La colère de Kinshasa face à cette déclaration jugée « arbitraire » ne peut dissimuler la méfiance croissante de la SADC (communauté d’Afrique australe, dont la RDC est membre) face au Congo et à son incapacité de contrôler son territoire. Ce n’est d’ailleurs pas un hasard si Joseph Kabila n’a pu trouver le temps, depuis novembre, de fixer une date pour l’arrivée à Kinshasa de l’Envoyé spécial de la SADC pour la RDC, l’ex-président namibien Hifikepunye Pohamba, ni de lui trouver des locaux pour ses bureaux.

Comme la Tanzanie, le Congo-Brazzaville, l’Angola et la Zambie s’inquiètent de l’afflux de réfugiés chez eux. Depuis l’arrivée au pouvoir du successeur d’Eduardo Dos Santos, l’agacement angolais est plus marqué car, pour mener les changements qu’il a entrepris, le nouveau chef de l’Etat, Joao Lourenço, a besoin de stabilité à ses frontières. Luanda refuse de rouvrir celle avec la RDC comme le souhaite Kinshasa pour accréditer l’idée d’un retour à la normale au Kasaï (où, en réalité, les activités rebelles reprennent peu à peu après le choc de la terrible répression de 2017). La réunion tripartite à Kinshasa, à la mi-février, des présidents Kabila, Lourenço et Sassou a donc été tendue: même si Kinshasa a tenté de la faire passer pour un appui à sa politique, il y a eu, en réalité, insistance pour que les élections promises pour décembre aient bien lieu, cette fois.

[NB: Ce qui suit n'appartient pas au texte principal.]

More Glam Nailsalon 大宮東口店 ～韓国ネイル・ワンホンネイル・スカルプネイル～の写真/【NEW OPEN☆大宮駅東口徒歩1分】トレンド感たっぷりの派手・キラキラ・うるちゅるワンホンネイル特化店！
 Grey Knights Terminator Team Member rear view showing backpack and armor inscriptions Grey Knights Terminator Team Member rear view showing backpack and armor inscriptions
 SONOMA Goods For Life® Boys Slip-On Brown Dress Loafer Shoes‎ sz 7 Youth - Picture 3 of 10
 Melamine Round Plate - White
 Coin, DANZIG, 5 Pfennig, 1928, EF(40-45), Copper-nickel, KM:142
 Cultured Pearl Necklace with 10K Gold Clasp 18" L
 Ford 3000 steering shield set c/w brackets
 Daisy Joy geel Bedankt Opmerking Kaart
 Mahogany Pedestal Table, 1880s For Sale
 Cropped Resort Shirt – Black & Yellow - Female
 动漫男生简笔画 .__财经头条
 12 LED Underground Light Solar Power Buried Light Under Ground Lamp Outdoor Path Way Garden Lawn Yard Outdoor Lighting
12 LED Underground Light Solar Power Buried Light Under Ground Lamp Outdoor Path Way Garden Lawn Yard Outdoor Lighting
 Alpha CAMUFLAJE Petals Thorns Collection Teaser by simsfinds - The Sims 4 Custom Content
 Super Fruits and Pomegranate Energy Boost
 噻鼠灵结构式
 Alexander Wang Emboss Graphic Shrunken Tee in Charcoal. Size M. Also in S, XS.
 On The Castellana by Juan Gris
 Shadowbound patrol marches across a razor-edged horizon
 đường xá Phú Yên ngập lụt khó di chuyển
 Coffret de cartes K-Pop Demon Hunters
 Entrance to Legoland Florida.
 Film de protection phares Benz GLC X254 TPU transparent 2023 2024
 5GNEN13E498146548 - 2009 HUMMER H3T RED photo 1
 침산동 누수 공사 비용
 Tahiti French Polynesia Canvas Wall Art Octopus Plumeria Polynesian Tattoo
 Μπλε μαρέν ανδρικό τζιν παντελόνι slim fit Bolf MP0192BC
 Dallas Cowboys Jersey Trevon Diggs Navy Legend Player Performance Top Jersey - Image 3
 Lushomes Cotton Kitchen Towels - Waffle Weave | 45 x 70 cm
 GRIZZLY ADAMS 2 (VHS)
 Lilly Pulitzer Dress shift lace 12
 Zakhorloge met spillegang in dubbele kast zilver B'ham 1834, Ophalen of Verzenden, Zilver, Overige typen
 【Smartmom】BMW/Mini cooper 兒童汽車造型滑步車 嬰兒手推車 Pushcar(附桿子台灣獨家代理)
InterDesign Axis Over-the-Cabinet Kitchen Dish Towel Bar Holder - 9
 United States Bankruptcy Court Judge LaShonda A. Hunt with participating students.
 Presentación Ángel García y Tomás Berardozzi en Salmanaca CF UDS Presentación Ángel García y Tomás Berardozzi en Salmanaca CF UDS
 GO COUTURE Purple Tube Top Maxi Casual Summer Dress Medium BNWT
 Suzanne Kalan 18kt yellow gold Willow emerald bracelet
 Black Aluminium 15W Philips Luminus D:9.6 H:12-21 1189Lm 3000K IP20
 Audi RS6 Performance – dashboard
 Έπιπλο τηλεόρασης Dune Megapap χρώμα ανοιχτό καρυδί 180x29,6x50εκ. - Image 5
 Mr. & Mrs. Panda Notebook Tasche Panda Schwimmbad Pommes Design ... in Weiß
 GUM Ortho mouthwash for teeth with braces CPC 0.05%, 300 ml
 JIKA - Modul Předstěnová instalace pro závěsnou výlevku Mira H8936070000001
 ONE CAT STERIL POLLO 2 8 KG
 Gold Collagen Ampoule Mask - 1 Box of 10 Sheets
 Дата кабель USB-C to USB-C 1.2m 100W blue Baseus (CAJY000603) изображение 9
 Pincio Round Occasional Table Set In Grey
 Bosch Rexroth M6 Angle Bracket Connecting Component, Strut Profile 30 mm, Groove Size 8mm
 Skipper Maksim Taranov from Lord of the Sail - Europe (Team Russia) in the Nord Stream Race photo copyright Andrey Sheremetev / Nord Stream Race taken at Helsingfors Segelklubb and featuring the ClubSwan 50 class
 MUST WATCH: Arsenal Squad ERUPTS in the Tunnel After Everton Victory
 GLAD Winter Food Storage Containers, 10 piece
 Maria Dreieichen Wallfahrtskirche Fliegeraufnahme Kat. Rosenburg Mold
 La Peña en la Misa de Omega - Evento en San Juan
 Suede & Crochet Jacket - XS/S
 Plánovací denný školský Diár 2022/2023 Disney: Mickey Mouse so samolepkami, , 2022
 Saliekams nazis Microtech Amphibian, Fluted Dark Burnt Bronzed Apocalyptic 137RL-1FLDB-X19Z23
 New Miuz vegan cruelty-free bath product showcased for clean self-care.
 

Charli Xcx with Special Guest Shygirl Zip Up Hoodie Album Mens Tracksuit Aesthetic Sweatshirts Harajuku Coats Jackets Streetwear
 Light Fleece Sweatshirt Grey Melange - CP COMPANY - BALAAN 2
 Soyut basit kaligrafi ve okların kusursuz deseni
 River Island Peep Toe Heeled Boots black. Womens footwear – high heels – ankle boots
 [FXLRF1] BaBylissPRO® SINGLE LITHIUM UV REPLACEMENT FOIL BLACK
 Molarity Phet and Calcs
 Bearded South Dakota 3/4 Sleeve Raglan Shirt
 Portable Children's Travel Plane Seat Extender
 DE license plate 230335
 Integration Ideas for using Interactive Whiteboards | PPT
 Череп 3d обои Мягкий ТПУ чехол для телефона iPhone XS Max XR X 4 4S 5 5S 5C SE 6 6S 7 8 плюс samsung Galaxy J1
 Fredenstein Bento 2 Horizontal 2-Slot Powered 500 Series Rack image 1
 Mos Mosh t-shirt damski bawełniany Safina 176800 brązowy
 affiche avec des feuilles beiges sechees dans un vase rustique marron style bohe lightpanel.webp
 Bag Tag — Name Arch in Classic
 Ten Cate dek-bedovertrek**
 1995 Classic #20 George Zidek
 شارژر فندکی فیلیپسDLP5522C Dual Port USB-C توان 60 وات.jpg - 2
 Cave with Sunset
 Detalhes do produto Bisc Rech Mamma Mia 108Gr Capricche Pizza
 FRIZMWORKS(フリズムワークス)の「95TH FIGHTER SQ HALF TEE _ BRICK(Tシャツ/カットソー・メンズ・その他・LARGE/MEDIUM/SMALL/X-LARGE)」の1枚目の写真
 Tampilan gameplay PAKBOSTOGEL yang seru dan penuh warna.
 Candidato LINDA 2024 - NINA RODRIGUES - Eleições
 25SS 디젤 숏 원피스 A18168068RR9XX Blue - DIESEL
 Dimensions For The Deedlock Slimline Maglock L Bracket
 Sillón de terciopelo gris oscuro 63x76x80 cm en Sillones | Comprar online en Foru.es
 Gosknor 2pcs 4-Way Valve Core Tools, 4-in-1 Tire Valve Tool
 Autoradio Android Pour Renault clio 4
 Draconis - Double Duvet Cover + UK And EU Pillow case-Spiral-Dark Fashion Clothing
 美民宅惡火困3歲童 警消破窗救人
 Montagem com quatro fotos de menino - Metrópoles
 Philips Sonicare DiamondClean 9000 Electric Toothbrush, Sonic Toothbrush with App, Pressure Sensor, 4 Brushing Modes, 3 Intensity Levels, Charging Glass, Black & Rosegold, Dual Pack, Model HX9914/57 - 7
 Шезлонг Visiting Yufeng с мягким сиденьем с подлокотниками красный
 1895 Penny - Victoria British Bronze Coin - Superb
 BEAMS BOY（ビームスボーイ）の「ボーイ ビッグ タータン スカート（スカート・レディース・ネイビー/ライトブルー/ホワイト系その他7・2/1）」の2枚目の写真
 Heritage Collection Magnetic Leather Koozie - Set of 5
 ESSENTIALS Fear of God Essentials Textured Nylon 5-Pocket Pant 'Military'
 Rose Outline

Le nouveau président sud-africain, Cyril Ramaphosa, sera moins indulgent pour le régime de Kinshasa que Jacob Zuma, dont le neveu avait d’importants intérêts en RDC; et il n’apprécie sûrement pas le peu de respect de M. Kabila pour l’Envoyé spécial désigné par la SADC, dont Pretoria est la locomotive. Quant à l’entrevue du président Kabila avec son homologue zambien, Edgar Lungu, la semaine dernière à Lusaka, elle se serait « mal passée ».

Que veut le Crocodile?

Le cas du Zimbabwé est moins clair. Alors qu’on s’attend à son élection dans quelques semaines, le successeur de Robert Mugabe, le président intérimaire Emmerson Mnangagwa, en visite à Kinshasa mardi et mercredi, a dit espérer l’accroissement des relations d’affaires entre les deux pays. Il faut se rappeler que celui que les Zimbabwéens appellent « le Crocodile » avait monté avec Kabila père le schéma affairiste qui avait permis à ce dernier de rembourser « au Zimbabwe » son aide militaire, en donnant des mines congolaises de diamant à des militaires zimbabwéens proches de M. Mnangagwa. Le rapport de l’Onu du 15 octobre 2002 citait celui-ci comme un des principaux pillards du Congo. L’avenir dira quelle sera la collaboration entre les deux Présidents.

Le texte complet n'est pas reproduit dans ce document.